Endoscopic screening was associated with an approximately 40% reduction in risk of death from gastric cancer in a systematic review and meta-analysis of studies from Asian countries.
The study is the first systematic review and meta-analysis of gastric cancer mortality and incidence after endoscopic screening, wrote Xing Zhang, MD, of the China Academy of Chinese Medical Sciences in Beijing with his associates. “Population-based prospective cohort studies are warranted to confirm our findings,” the reviewers wrote in the August issue of.
In general, the rates of gastric cancer and related mortality in East Asian countries are significantly higher than global averages. As a result, countries in this region have implemented a variety of national and opportunistic screening programs that vary from country to country. Japan, for example, has a national screening program based on photofluorography. “Although data are inconsistent, most studies have shown a 40%-60% decrease in the mortality of gastric cancer in those who have been screened using photofluorography,” the reviewers noted. When findings are positive, follow-up endoscopy is recommended. However, debates persist about whether population-level endoscopy significantly improves hard endpoints in gastric cancer, such as incidence and mortality.
To help clarify the population-level benefits of endoscopic screening, Dr. Zhang and his associates searched PubMed and EMBASE; they identified six cohort studies and four nested case-control studies that included approximately 342,000 adults from Asia who did not have baseline gastric cancer but did undergo surveillance endoscopy at least once. Studies of both mass and opportunistic screening were included. Each study included a comparator; reported incidence, mortality, or both; and was published by March 8, 2018.

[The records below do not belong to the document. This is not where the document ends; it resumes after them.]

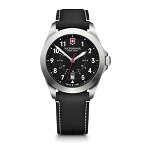 腕時計 ビクトリノックス スイス メンズ Victorinox Alliance Swiss Army Heritage Analog Watch with Black Dial, Black Leather Strap & Silver Accents - Timeless Wristwatch腕時計 ビクトリノックス スイス メンズ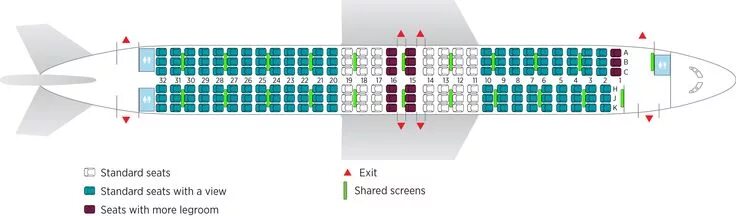 Seat Map and Seating Chart RwandAir Boeing 737 800 Fleet, Boeing, Map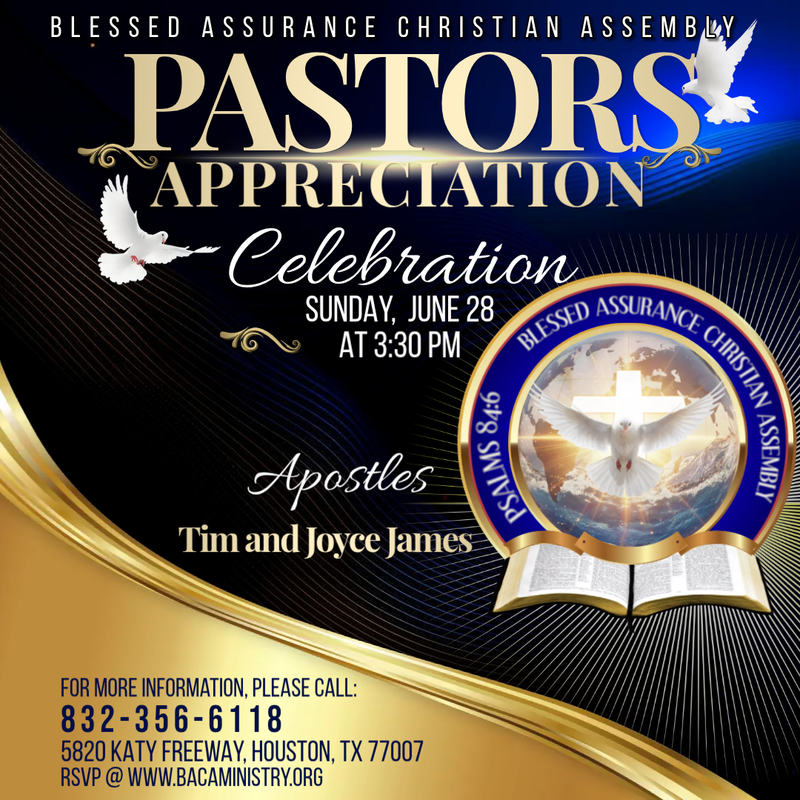RSVP FOR APOSTLES TIM AND JOYCE JAMES' PASTORS APPRECIATION 2026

Endoscopic screening was tied to a 40% reduction in the relative risk of death from gastric cancer (risk ratio, 0.60; 95% confidence interval, 0.49-0.73). There also was a slight trend toward increased incidence of gastric cancer, which was not statistically significant (RR, 1.14; 95% CI, 0.93-1.40). However, only two studies examined the incidence of gastric cancer, so this outcome “should be interpreted with caution,” the reviewers wrote. Endoscopic screening also was associated with a significantly lower risk of death from gastric cancer, compared with radiographic screening (RR, 0.33; 95% CI, 0.12-0.91).
Endoscopic screening did not significantly reduce mortality, compared with expected deaths (RR, 0.67; 95% CI, 0.38-1.16), the reviewers reported. This might be because the reviewers included an outlier study conducted in Linqu County, China, which has some of the highest rates of gastric cancer death in the world, they noted. Endoscopic surveillance did not reduce mortality in the Linqu County study, but screenings were spaced by 4.5 years, which was probably too long to show an effect, especially in a high-risk region, they added. The study in Linqu County accounted for most of the heterogeneity among studies, and removing it from the pooled analysis produced a “slightly more pronounced reduction in gastric cancer mortality,” with an RR of 0.56, they noted.
Funders included the National Natural Science Foundation and the National Twelfth Five-Year Plan for Science and Technology Support Program of China. The reviewers reported having no relevant conflicts of interest.